Leithart chose Prov. 13:12 as the moral: Hope deferred makes the heart sick, but desire fulfilled is a tree of life. This falls flat as a moral applied to a simple fairy tale, but Leithart does not intend it to be so. He writes, "[T]he First Last Adams are always lurking just beneath the surface." Therefore, regard how the students applied elements of the tale to the Catechism.

"Where did Ivy go wrong?"
"She disobeyed her father."
"That’s the Fourth Commandment."
"What did her father do when she confessed her sin?"
"He forgave her."
"Who do you think the rabbit represents?"
'That's easy! He's Satan!"
"Yeah — and the Prince is Jesus."
"And the castle is heaven."
"OK, Smarties, what is the golden chain all about?" Now they had to think. "What does Jesus give us to hold onto so we know He is with us always?"
"Oh! I get it, Baptism!"
"And His Word, His Absolution."
"And His Body and Blood."
Leithart is an ordained minister in the Presbyterian Church in America. What a blessedly iconic sacramental tale from a Presbyterian author — whether he intended it to be so or not. This is when Leithart's book shines. Each of his stories can be run through Christ. This is the value of such reading done by parents and teachers with children. Analogies fail at some point, and "Ivy and the Prince" is no exception. It is not the call of the church that causes Christ to come down; rather, Christ comes to His church according to His appointed Means of Grace.
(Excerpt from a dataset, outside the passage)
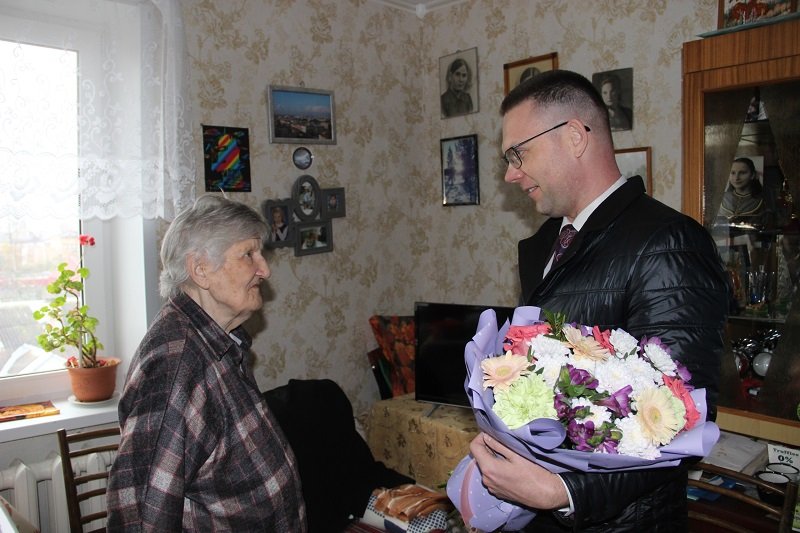 Блокадницу и ветерана труда поздравили с 92-летием в Лодейном Поле - Жительница Лодейного Поля Клавдия Бутакова, пережившая блокаду Ленинграда и посвятившая 46 лет педаг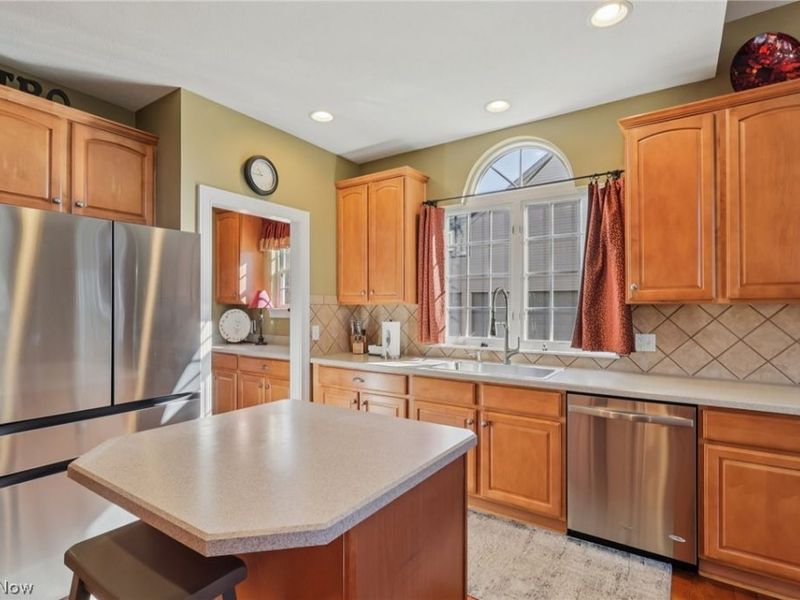 36301 Montrose Way, Avon, OH 44011 Photo 12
Therefore, a caution: read it to your children and discuss it with them. This book will provide many meaningful discussions.

Wise Words: Family Stories That Bring the Proverbs to Life
Peter J. Leithart
ISBN: 1591280141
Paperback

Also reviewed and further comments made at Quicunque vult…
 
Comments:
Yet another good alum from Hillsdale College.

Tim the Shakespeare Freak would also highly recommend his wonderful Brightest Heaven of Invention: A Christian Guide To Six Shakespeare Plays. I use it in my own preparations for teaching public school kids, but if I taught at a Christian high school, I would use as a text for a Shakespeare class.

BTW: I am still in deep lurk. Too many pots on the stove. I'm trying to possibly arrange a HT retreat for the fall, I'm group leader for our HT trip to C. Springs, teaching, dad, mom with dementia, etc. Vocations galore. I am writing, perhaps too much, and I'm still alive over at Beggars.

I've also got my country's 500th anniversary to plan, my wedding to arrange, my wife to murder, and Gilder to frame for it. I'm swamped.

Blessings.
 
Not surprised by Peter Leithart's sacramental thinking. The "Reformed Church" is made of two types: those who are Lutheran without knowing it, but have some obscure reason for not acknowledging the fact, and those who are Baptist without knowing it, who likewise have some block about admitting the fact. The latter unfortunately outnumber the former, but Peter Leithart is obviously of the first sort.